Transfer ownership of life insurance policy to spouse

What happens if you have multiple primary beneficiaries?

If there is more than one primary beneficiary, the primary beneficiaries share the death benefit equally or in a percentage determined by the insured at the time of designation . Multiple primary beneficiaries to life insurance are also called “co-beneficiaries.”

There are different types of beneficiaries; Irrevocable, Revocable and Contingent .

Any of the following individuals are considered an eligible designated beneficiary (EDB): a surviving spouse, a disabled or chronically ill individual, an individual who is not more than 10 years younger than the IRA owner, or a child of the IRA owner who has not reached the age of majority.

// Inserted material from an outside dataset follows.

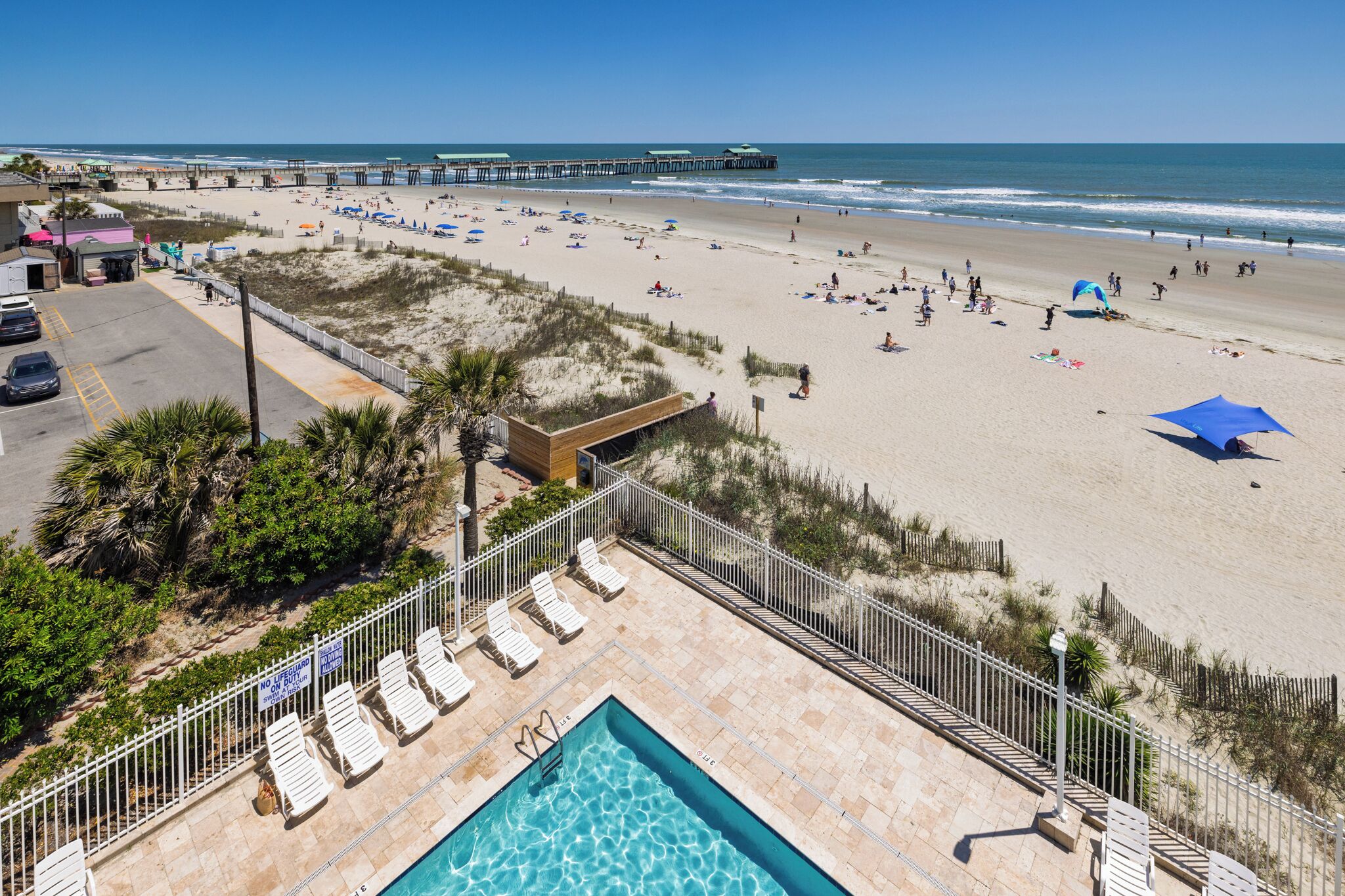 A beach view with a pool, lounge chairs, and a pier in the background.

An eligible designated beneficiary (EDB) is always an individual . In other words, an EDB cannot be a nonperson entity—such as a trust, an estate, or a charity; these are considered not designated beneficiaries. There are five categories of individuals included in the EDB classification: The owner's surviving spouse.

What is designated beneficiary?

Beneficiary designations allow you to transfer assets directly to individuals, regardless of the terms of your will . Beneficiary designations are often made when a financial account, retirement account, or life insurance policy is established.

If you have more than one life insurance beneficiary, you can allocate how much each person or entity will receive . These are known as beneficiary allocation rules. For instance, if you have two children, you could state that each will receive 50% of the total amount.Dec 6, 2021

You can name two (or more) people as beneficiaries, outlining the percentage of the policy payout each would be given. You can also name a contingent beneficiary, who could receive the death benefit if something happened to the primary beneficiary.